I am guessing this have to do with the fact that we have infinite amount of positive and negative term, so it is possible to do arrangement such that we can use it to approximate the summation to any value without "exhaustion" in a sense. Since our series is an convergent alternating series, our approximation will get better.
ie 1/100 - 1/1000 + 1/10000 ....... we can take the the positive term to some value up, then take the negative term to reduce it to some value down and our approximation will get better because the terms get smaller.
But this is done via choice, not algorithmic, so while I understand the idea, it feels incomplete and doesn't capture the full picture for me.
Is this also true for non-alternating series? Surely not, since we will only have either positive or negative terms.
>pic related
????
>>8198964
>But this is done via choice
Not a problem. We're doing math here and not CS. An existence argument is sufficient.
>Is this also true for non-alternating series?
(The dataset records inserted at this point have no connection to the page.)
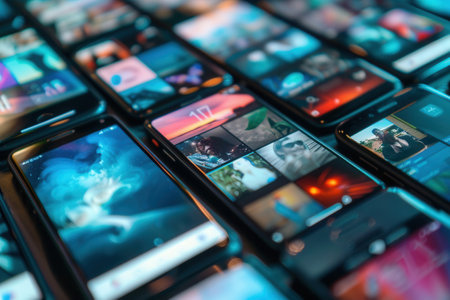 A collection of smartphones showcases bright stories and short clips, reflecting engaging content during a lively evening gathering.の素材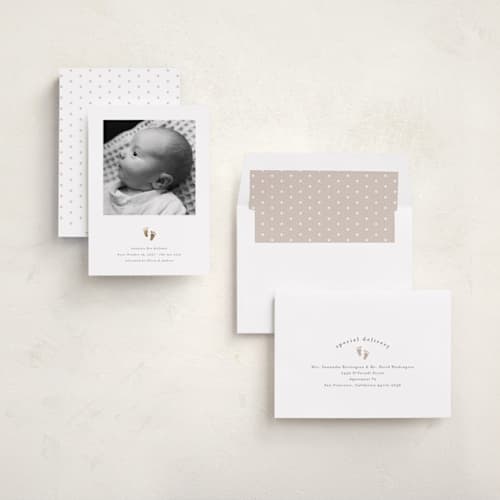 This is a rice foil stamped birth announcements with foil pressed by Melanie Kosuge called sweetness printing on recycled smooth signature in standard
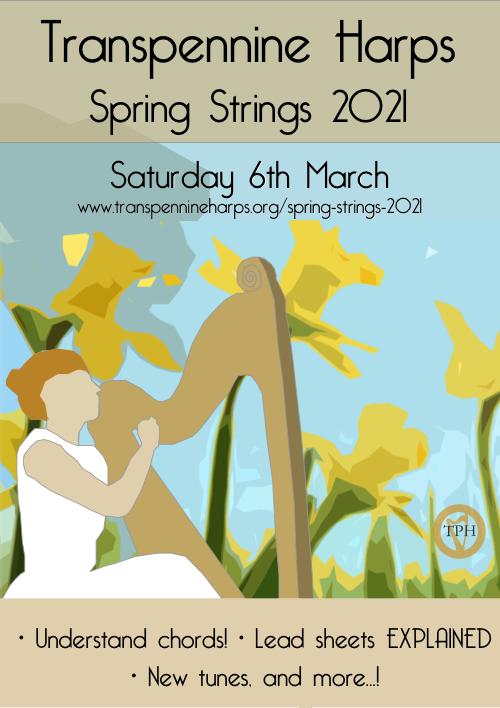 Poster of a harpist against some daffodils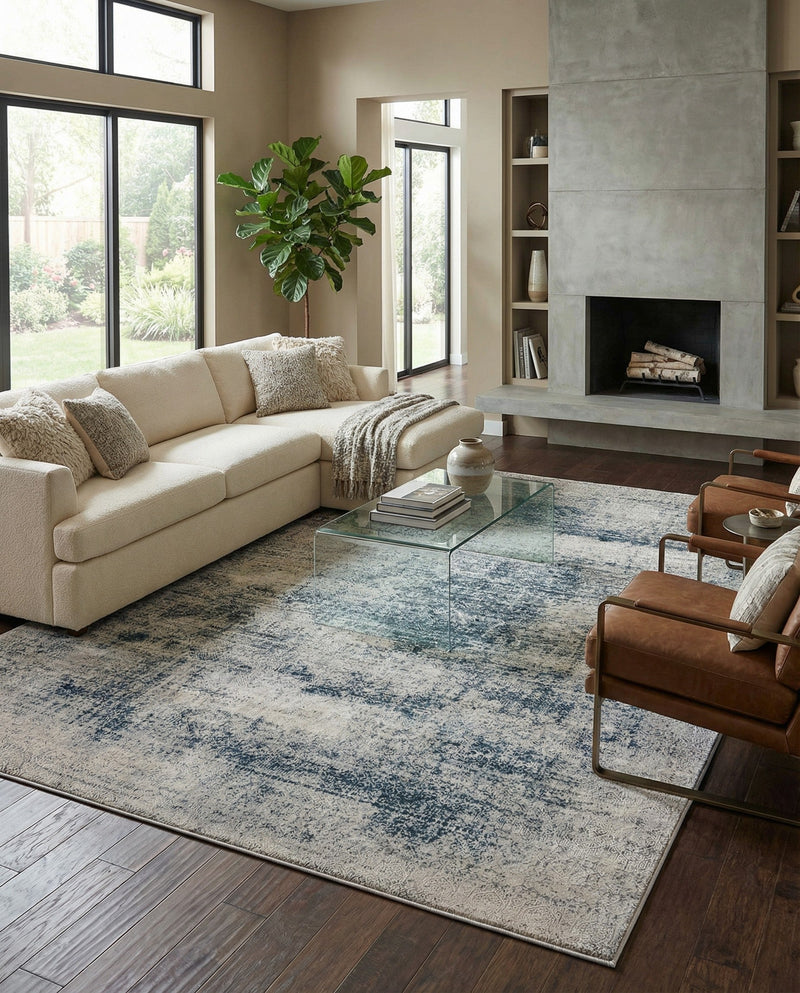 Bloomsbury Elegance Collection Area Rug -  Pimlico Rectangle Blue  lifestyle 44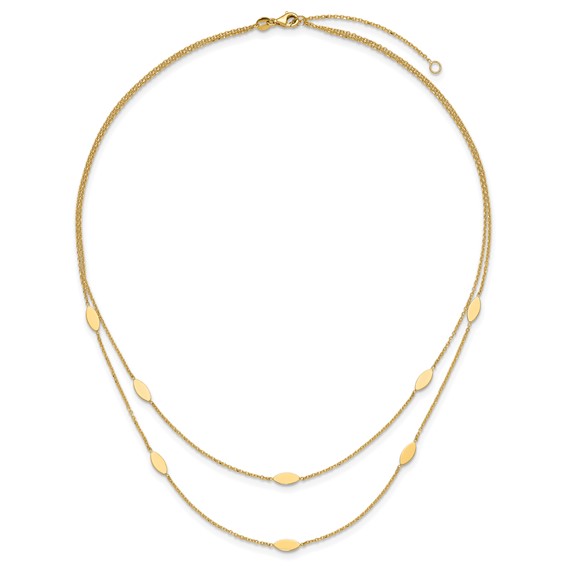 Leslie's 14K Polished Fancy 2-Strand Navette w/ 2in Ext. Necklace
It is true only for conditionally convergent series, i.e. those which converge but don't converge absolutely. This implies that there are infinitely many negative and infinitely many positive terms.
>>8198995
>Not a problem. We're doing math here and not CS. An existence argument is sufficient.
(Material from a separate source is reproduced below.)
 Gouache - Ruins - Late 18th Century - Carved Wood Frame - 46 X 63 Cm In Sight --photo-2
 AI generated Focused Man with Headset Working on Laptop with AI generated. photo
is this pretty much all I need to do show that every convergent alternating series can be manipulated to be equal to any value; QED?
>It is true only for conditionally convergent series
Then why can't I manipulate the sum of 1/(n^2) any way I can?
>>8198964
>alternating series
please do not use that word.
riemann showed that any convergent series that DOES NOT CONVERGE ABSOLUTELY can be rearranged to converge against anything we want
>>8199016
>Then why can't I manipulate the sum of 1/(n^2) any way I can?
Becuase it's abslutely convergent. All terms are positive.
>>8198995
>An existence argument is sufficient
Incorrect terminology but since you're being so informal anyways it's par for the course.
>>8199016
Axiom of choice is non-constructive, as the other anon pointed out. So you shouldn't expect to actually be able to use it. It's just a funny useless oddity where you can claim that there must exist a way to manipulate such series but you have probability 0 that such a manipulation can be defined or described in a finite amount of text or time.
>>8198964
>But this is done via choice, not algorithmic
Why do you think what you have described is not an algorithm? Take positive terms until the sum is greater than the target, then switch to negative terms until the sum is lower, and so on. That's definitely an algorithm.
>>8199050
An algorithm this simple won't work for every series. That is to say that one can easily construct a series for which this algorithm will fail.
>>8199016
>Then why can't I manipulate the sum of 1/(n^2) any way I can?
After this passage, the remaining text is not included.